Other characters have joined Gov. Jindal in his support of Mr. Robertson, including a half-term half-witted former politician who had her own reality shows and will not be linked on this blog. They suggest that because we have a First Amendment, that Mr. Robertson should be allowed on the air to say whatever he wants. I’m all in favor of First Amendment protections and free speech but I have to admit that there is no First Amendment issue here. The First Amendment prevents the government and government actors from restricting expression. In this situation, it isn’t the FCC or any government branch that is suspending Mr. Robertson, but his broadcaster, A&E, by itself. The First Amendment does not usually apply to private relationships such as the one between A&E and its TV personalities (and ESPN and Hank Williams Jr.). There’s probably even a provision in their contracts that allows such as suspension or cancellation. The First Amendment creates no right to be on TV. I’m not surprised that Gov. Jindal is mixed up over the First Amendment because he has had some struggles with it in the past.

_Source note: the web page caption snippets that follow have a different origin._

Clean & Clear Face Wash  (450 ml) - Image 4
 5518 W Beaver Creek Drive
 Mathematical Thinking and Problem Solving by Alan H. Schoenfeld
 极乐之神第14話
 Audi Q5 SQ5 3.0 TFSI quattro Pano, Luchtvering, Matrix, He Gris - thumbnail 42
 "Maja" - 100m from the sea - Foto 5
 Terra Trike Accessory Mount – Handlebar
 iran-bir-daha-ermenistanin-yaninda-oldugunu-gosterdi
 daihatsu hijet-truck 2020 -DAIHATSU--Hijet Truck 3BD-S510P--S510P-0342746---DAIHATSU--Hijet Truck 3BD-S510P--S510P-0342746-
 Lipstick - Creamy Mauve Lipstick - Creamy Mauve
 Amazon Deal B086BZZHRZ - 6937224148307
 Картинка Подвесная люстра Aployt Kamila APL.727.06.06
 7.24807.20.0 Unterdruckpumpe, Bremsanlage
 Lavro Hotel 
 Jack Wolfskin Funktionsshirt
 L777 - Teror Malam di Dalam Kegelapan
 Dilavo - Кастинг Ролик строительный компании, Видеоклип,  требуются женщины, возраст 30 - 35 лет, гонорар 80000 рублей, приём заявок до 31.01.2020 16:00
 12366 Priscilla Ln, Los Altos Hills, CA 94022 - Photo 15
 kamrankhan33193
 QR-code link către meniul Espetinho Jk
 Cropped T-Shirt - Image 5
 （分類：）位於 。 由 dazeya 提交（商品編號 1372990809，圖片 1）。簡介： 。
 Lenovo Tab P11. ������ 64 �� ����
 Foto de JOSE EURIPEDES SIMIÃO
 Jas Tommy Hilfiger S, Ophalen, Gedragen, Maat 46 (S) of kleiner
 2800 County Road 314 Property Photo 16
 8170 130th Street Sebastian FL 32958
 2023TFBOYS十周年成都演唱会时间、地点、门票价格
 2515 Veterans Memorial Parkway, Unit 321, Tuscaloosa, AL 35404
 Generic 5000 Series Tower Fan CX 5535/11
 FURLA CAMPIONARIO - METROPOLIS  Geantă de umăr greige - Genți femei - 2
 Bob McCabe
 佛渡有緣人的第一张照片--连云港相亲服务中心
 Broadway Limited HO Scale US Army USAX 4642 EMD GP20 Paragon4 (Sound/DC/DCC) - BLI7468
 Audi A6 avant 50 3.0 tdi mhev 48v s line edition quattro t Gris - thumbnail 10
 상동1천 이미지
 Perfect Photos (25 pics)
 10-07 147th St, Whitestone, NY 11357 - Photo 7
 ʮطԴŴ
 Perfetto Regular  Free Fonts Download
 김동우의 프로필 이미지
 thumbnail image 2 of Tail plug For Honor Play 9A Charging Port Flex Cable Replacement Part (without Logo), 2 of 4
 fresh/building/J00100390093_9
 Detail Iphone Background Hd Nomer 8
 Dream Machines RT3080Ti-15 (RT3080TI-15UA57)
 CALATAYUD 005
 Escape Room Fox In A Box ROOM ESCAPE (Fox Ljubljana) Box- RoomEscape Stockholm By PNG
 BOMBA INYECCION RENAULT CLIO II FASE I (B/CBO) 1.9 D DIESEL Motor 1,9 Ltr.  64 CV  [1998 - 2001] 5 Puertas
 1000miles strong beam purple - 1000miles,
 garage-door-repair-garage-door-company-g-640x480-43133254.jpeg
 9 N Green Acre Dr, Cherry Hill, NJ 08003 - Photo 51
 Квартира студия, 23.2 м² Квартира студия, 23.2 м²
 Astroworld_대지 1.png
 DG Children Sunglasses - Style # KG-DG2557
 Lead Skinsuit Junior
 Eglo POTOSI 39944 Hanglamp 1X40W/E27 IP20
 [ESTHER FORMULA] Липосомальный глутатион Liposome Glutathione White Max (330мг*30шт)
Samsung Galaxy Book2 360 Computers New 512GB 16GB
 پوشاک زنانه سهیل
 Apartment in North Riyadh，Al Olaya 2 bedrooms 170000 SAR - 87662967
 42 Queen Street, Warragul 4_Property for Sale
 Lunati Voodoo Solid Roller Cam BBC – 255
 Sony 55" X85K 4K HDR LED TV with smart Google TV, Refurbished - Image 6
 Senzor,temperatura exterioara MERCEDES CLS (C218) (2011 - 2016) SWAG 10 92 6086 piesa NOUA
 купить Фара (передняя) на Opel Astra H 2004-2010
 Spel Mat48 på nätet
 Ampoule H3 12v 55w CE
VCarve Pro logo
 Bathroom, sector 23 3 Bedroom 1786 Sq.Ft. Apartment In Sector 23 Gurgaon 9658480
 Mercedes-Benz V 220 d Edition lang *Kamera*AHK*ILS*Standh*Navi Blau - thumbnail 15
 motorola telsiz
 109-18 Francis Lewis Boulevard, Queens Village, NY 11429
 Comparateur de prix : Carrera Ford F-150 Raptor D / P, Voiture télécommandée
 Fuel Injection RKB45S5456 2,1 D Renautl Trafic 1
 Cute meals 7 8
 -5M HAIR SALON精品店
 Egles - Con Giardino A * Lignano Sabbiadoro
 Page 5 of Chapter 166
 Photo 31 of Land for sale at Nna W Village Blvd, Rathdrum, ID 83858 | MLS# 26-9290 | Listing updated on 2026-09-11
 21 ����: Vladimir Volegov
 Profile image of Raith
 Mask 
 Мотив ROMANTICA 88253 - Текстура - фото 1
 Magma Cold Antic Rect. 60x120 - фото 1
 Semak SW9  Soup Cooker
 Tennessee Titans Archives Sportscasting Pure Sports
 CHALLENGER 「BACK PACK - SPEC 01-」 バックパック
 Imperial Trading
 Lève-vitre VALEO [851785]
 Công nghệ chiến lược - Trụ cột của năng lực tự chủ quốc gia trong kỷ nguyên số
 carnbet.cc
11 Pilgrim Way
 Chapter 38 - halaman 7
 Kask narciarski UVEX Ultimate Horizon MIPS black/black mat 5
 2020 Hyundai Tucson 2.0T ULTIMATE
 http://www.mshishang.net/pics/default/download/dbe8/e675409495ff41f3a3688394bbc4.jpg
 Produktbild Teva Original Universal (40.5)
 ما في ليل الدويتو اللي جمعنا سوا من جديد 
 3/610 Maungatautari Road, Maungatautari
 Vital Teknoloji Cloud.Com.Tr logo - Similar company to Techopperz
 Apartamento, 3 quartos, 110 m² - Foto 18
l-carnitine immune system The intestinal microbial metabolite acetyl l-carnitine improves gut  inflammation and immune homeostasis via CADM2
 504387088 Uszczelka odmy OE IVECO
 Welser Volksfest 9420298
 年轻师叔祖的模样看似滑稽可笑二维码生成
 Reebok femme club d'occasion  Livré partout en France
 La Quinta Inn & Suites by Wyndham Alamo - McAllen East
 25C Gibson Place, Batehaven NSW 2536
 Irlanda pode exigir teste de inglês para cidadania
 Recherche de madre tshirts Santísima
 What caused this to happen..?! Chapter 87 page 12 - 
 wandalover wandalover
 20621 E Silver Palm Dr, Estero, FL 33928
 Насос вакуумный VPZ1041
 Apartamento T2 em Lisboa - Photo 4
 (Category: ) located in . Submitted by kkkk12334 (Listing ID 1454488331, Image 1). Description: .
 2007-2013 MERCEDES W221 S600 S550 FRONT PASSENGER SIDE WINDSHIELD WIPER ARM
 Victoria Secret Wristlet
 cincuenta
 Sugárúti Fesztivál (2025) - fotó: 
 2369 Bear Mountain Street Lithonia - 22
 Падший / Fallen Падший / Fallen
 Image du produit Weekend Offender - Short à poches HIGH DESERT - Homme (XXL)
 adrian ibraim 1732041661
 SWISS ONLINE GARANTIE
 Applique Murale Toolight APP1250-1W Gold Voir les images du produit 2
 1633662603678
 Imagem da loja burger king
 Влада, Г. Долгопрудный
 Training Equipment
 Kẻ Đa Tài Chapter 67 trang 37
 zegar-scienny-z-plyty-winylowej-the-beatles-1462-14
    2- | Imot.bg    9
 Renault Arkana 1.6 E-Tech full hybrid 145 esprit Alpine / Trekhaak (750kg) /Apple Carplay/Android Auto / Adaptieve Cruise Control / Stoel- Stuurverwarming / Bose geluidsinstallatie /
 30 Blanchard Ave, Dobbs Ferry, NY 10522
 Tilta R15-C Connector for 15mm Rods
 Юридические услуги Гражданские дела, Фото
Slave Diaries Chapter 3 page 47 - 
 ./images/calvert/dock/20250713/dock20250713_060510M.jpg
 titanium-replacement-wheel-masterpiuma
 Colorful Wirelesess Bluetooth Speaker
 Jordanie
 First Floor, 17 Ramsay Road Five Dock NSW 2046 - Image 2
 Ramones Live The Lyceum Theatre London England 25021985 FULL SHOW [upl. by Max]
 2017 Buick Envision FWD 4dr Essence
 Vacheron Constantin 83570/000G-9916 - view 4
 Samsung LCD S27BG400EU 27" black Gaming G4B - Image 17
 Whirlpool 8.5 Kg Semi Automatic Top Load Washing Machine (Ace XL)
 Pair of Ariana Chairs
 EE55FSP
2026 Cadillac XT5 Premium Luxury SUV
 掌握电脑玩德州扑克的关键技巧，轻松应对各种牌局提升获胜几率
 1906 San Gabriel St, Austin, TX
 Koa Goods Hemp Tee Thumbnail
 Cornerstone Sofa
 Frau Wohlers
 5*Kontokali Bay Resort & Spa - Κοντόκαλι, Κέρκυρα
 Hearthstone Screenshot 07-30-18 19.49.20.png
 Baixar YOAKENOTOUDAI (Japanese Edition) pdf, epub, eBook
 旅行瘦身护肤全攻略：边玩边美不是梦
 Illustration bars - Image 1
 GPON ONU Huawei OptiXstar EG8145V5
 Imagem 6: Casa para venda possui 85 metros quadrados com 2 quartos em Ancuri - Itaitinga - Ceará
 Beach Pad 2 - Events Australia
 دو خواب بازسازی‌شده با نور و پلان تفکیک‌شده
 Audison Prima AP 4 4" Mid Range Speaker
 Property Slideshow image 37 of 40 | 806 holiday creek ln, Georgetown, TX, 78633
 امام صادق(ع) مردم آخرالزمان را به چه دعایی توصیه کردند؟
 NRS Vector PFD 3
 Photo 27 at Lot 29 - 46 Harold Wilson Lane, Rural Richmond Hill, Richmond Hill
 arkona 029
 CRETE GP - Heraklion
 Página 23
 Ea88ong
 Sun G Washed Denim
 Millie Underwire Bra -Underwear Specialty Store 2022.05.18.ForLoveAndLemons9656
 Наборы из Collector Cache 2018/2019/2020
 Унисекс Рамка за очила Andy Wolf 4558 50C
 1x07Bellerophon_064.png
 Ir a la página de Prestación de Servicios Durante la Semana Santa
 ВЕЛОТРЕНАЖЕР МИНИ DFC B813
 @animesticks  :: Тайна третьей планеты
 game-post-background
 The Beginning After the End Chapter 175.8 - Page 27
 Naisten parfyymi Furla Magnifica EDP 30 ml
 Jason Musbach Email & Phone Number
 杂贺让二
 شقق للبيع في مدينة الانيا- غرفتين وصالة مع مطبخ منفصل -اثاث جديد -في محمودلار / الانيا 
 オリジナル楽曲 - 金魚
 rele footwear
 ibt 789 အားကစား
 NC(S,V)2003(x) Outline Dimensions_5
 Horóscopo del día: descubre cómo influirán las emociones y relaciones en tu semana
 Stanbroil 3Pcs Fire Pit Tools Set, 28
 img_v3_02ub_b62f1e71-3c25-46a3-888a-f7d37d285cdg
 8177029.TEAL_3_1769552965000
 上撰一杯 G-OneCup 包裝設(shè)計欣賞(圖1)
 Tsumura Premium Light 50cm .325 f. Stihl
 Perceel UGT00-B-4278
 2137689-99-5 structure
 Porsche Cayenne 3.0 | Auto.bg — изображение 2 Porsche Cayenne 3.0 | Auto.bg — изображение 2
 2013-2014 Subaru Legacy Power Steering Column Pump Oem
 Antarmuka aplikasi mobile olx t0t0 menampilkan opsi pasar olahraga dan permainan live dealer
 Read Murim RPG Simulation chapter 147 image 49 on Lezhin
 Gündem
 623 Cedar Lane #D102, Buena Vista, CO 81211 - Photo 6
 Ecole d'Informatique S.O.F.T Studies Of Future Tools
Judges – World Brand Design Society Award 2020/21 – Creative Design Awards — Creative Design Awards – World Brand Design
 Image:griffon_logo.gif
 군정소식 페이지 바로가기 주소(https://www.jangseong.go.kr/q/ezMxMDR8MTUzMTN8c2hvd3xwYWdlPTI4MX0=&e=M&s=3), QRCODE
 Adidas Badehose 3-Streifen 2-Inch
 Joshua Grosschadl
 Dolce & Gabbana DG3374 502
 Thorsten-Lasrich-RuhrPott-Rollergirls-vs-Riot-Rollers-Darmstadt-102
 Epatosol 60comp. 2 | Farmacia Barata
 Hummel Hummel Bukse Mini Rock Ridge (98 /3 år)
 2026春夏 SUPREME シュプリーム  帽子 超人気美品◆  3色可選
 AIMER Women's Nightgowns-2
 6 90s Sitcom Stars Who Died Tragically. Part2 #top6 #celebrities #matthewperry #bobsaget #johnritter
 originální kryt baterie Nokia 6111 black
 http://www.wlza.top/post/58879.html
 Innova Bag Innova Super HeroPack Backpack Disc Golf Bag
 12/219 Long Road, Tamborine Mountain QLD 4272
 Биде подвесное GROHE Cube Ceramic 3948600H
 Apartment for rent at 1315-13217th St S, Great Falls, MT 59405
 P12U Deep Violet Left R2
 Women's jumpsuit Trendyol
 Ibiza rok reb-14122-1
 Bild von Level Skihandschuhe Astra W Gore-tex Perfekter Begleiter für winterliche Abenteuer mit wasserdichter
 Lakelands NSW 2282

Mr. Robertson’s views might upset people but are far from unique. A great many politicians and clergymen say similar things and are allowed on TV, especially on news and political shows. A&E could have let him stay on the air and even give him an entire show of him ranting on whatever he wants. But would advertisers, viewers and cable subscribers like that? That’s probably what motivated A&E.
While we’re on the First Amendment, it should be noted that it also grants a right of free association and its inverse of dissociation. A&E is free to not associate with Mr. Robertson or his co-stars provided it satisfies any legal obligations it might have.